The current situation surrounding Chinese film star Fan Bingbing is truly bizarre. We have yet to cover the story on The Playlist, and mainly because there’s been a lot of speculation and rumors, but little actual news about Fan and her recent disappearance. But now, with the star off the radar for such an extended period of time, there is a ripple effect that looks to make a mark on a variety of high-profile projects, including Jessica Chastain’s star-studded “355.”

First, let’s take a step back and talk about what led us to these unusual circumstances. Fan Bingbing is one of China’s biggest film stars. Such a huge draw in her native country, the actress has already begun her transition into Hollywood films, appearing in a small role in “X-Men: Days of Future Past” and signing on to be in the incredible cast of Chastain’s upcoming spy thriller “355.” But her rocket to global superstardom came to an apparent abrupt halt in late July, when the actress’ Weibo account (with over 60 million followers) suddenly went silent.

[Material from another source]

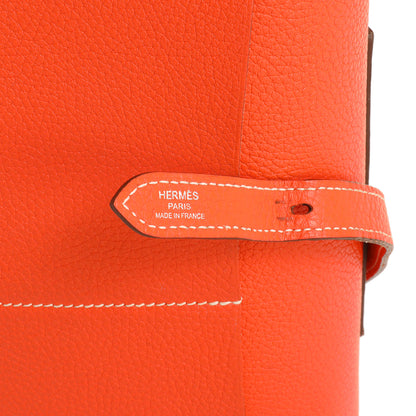 Exclusive Hermes Feu Clemence Halzan 31 — Alternate View 13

Fans began to realize that the actress hadn’t been seen in public since July 1. Dots began being connected and rumors of her involvement in a tax evasion scheme began circulating, which led many to believe that Fan was silenced by the Chinese government, and is currently under some sort of detainment/house arrest. All inquiries about her status have remained unanswered and any local news outlets that post updates have the articles quickly removed. It appears that the Chinese government wants to silence one of the country’s biggest stars, and it’s using her financial issues to do it.

Fan Bingbing is accused of being involved in “yin and yang contracts,” which is an illegal method of bypassing tax laws by drawing up, and signing, two separate contracts for film roles. One contract has the actual monetary terms of the contract, while the other reportedly would have a much lower number, which would be submitted to the government. Obviously, this is illegal and is one of the subjects of China’s Communist regime’s latest crackdown on rising incomes (and influence) of film/TV stars.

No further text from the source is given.